Output the exact lines that start at the one containing "Cafea boabe Fresso" and continue to the last line of the entries below; do not output pictures.

(Saved entries)
◇ ◇ ◇

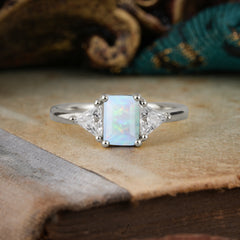 1CT Emerald Cut 4 Prong Opal Three Stone Engagement Ring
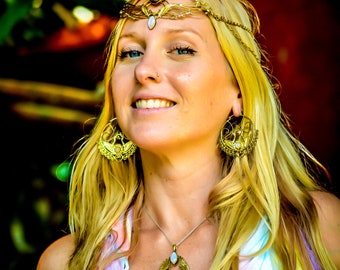 Wing Tiara - Rainbow Moonstone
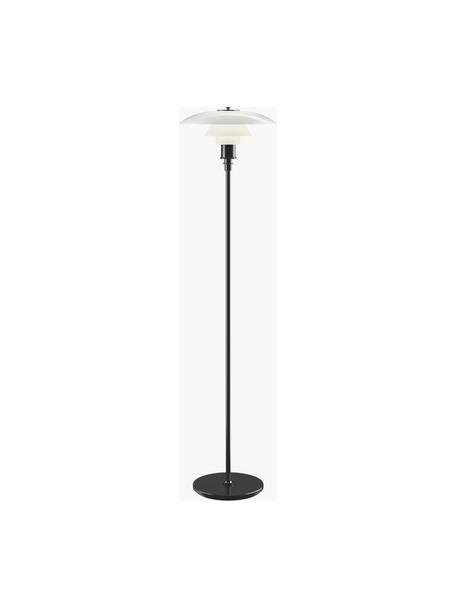 Lampa podłogowa ze szkła dmuchanego PH 3½-2½, Stelaż: stal metalizowana, Czarny, biały, W 130 cm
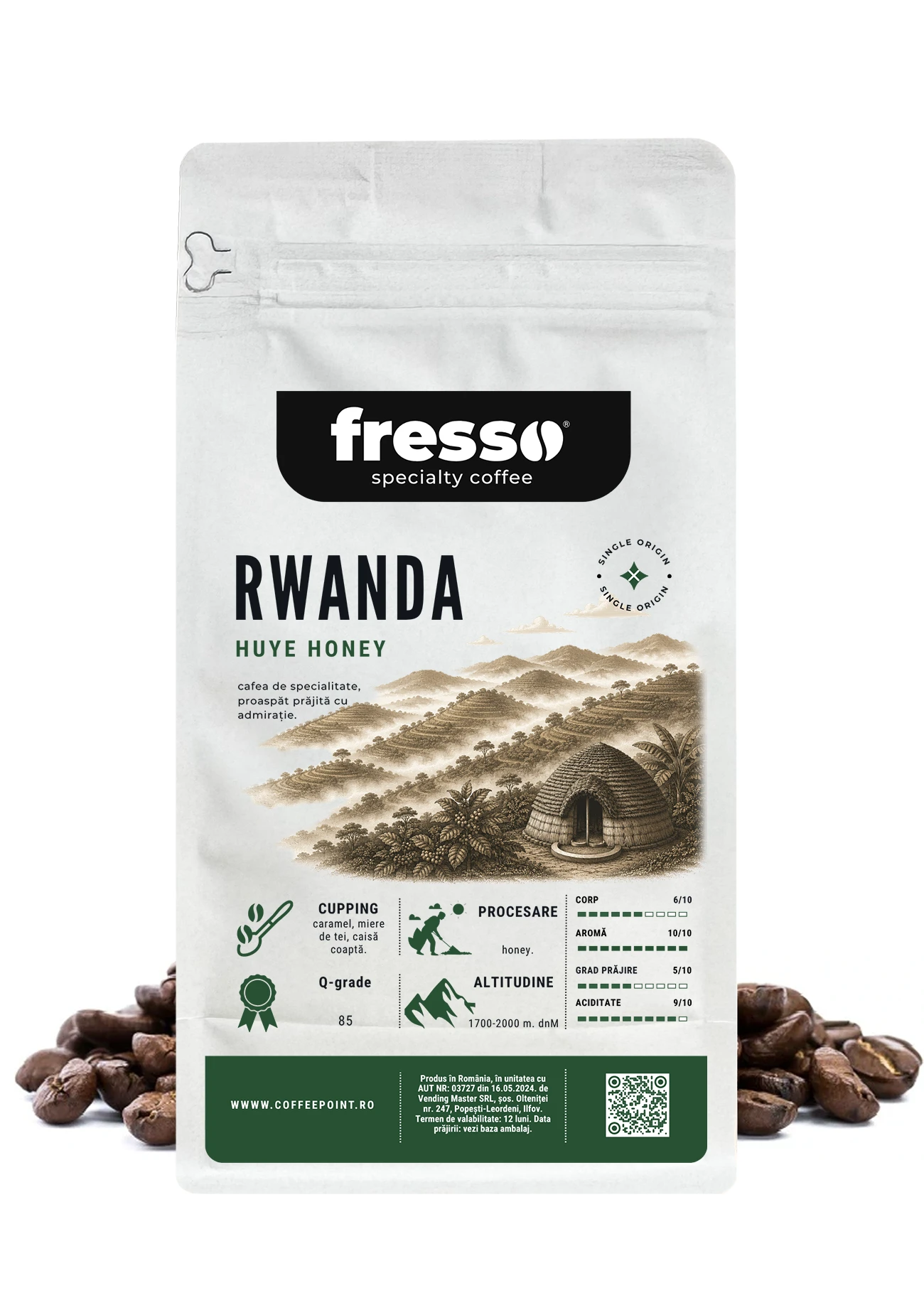 Cafea boabe Fresso - Fresso Rwanda cafea boabe de specialitate proaspăt prăjită
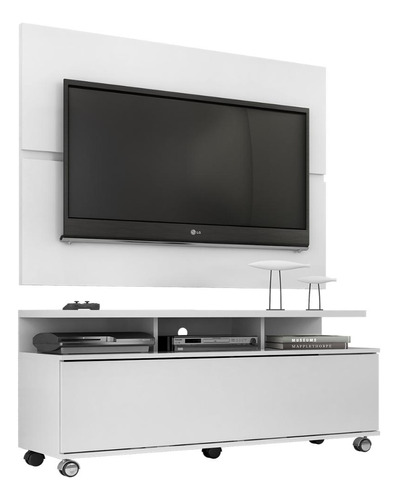 Painel Com Rack Home Buzios 1,20m Para Tv 48  Branco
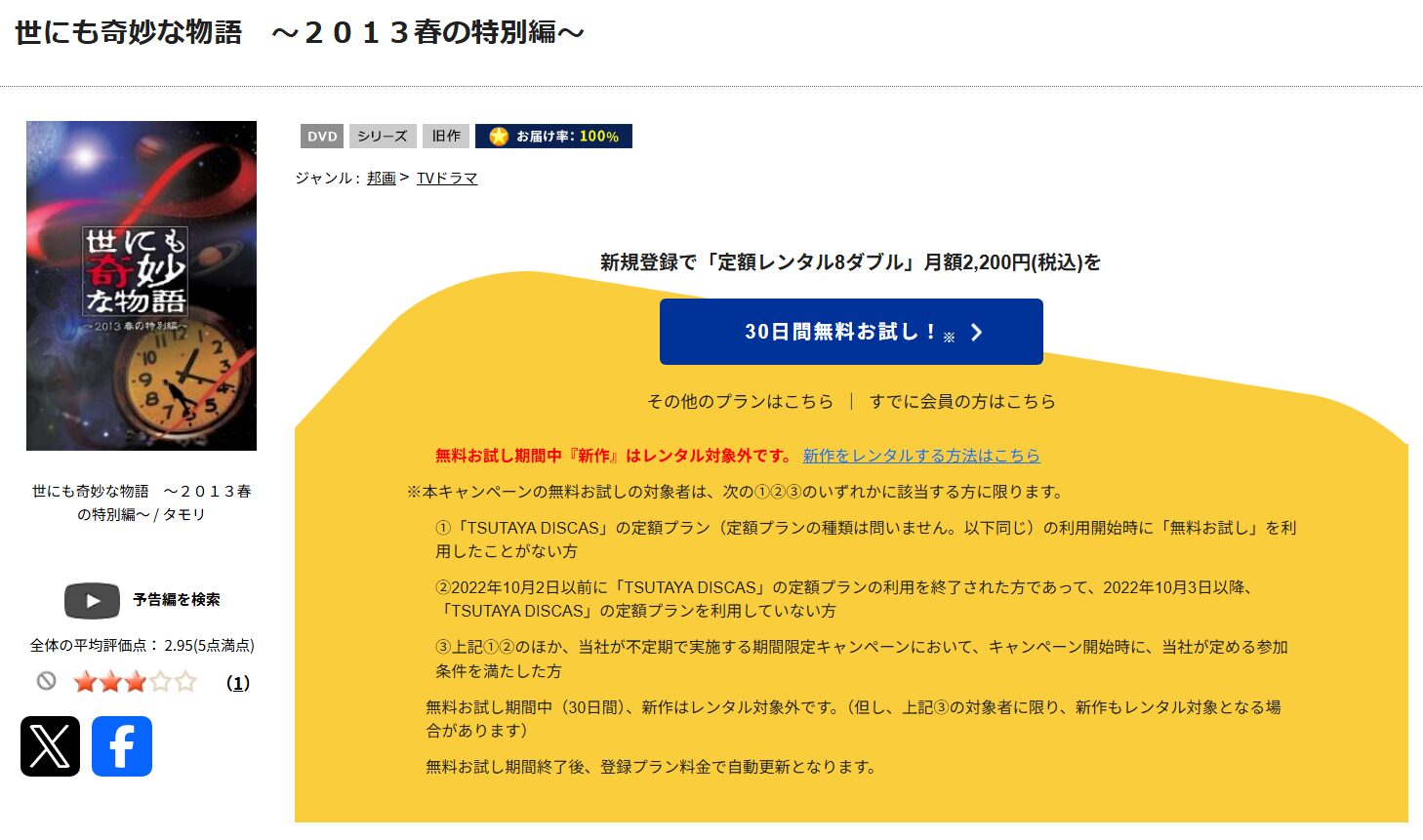 世にも奇妙な物語 tsutaya discas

◇ ◇ ◇

__Expected answer__
 Cafea boabe Fresso - Fresso Rwanda cafea boabe de specialitate proaspăt prăjită
 Painel Com Rack Home Buzios 1,20m Para Tv 48  Branco
 世にも奇妙な物語 tsutaya discas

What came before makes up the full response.